Begin at the line containing "Aufnahme der Fahrerkabine" in the records below, end at the line containing "ネイル NICOnail&eyelash 三軒茶屋所属・♡ KAEDE ♡のネイルデザイン", and retype each line in that span exactly. No other line and no image should appear.

── Dataset records

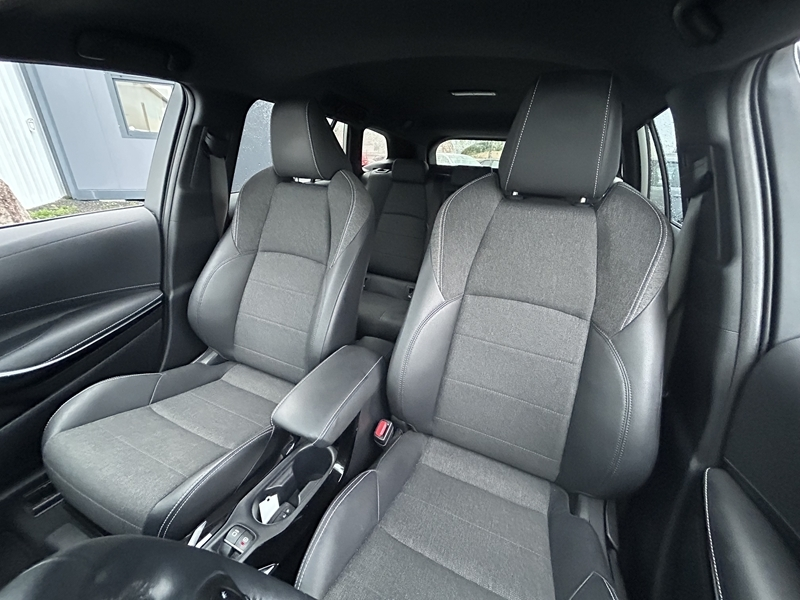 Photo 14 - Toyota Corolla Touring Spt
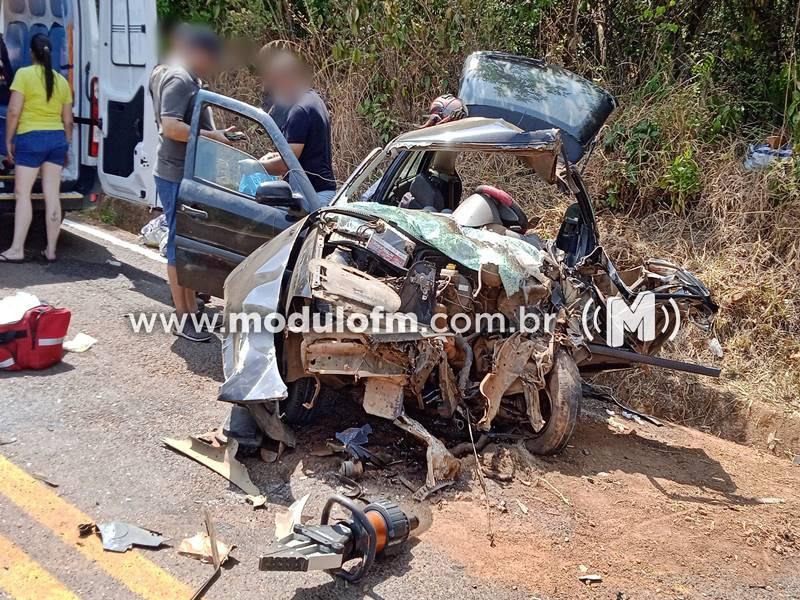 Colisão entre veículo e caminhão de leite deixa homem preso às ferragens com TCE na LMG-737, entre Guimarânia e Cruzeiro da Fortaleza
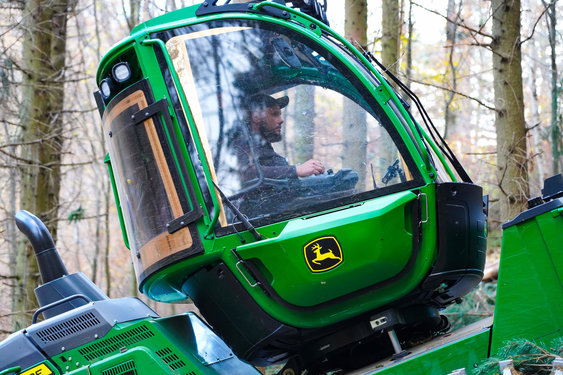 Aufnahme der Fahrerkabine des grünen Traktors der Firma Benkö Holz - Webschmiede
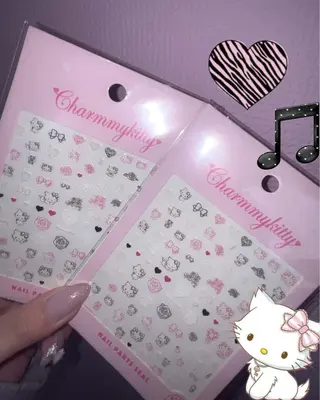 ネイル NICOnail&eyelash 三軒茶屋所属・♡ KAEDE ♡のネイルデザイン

────
── Dataset records

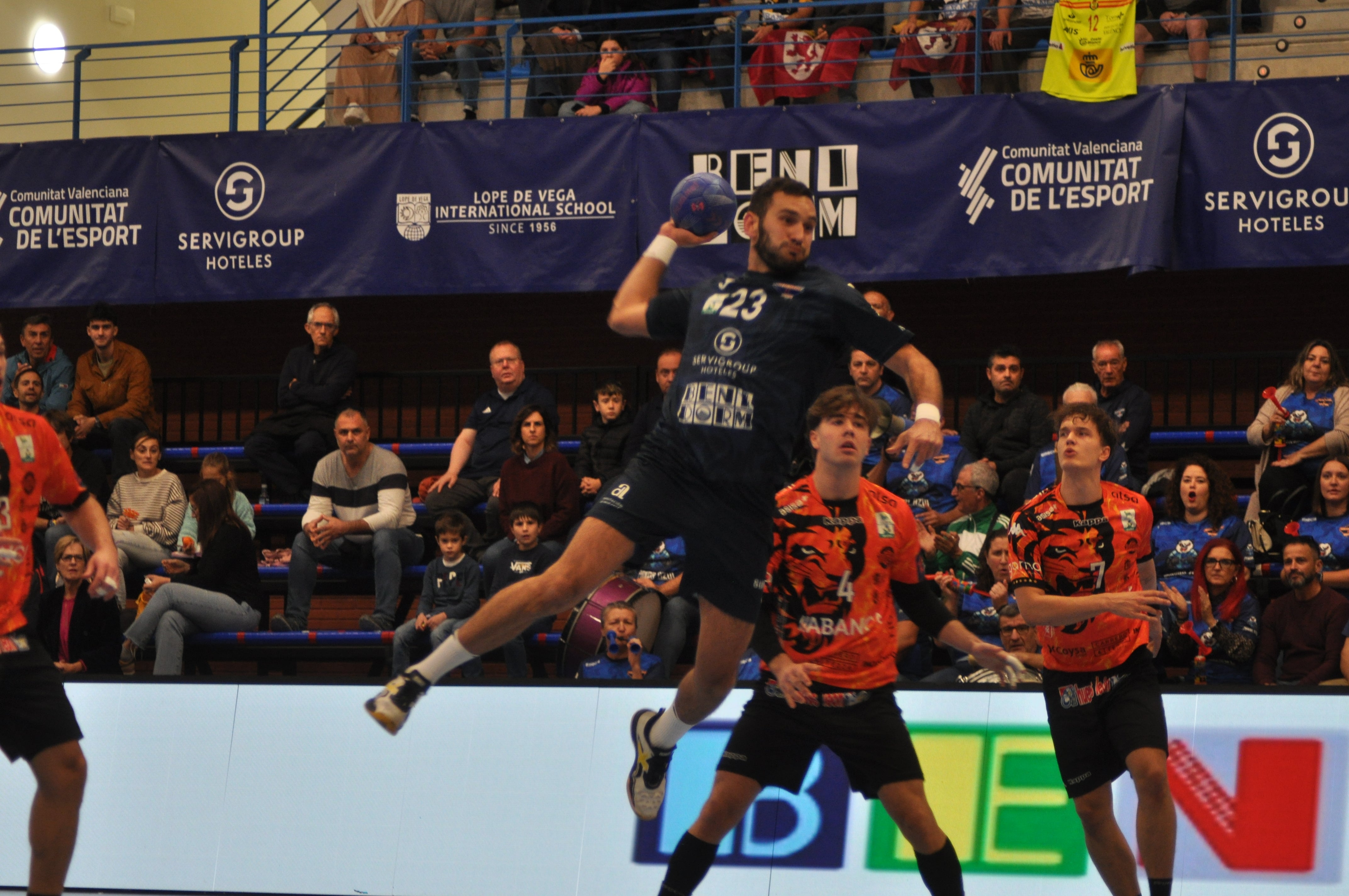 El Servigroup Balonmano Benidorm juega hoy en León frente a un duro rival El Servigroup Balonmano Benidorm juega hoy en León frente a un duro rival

────

• Response:
 Aufnahme der Fahrerkabine des grünen Traktors der Firma Benkö Holz - Webschmiede
 ネイル NICOnail&eyelash 三軒茶屋所属・♡ KAEDE ♡のネイルデザイン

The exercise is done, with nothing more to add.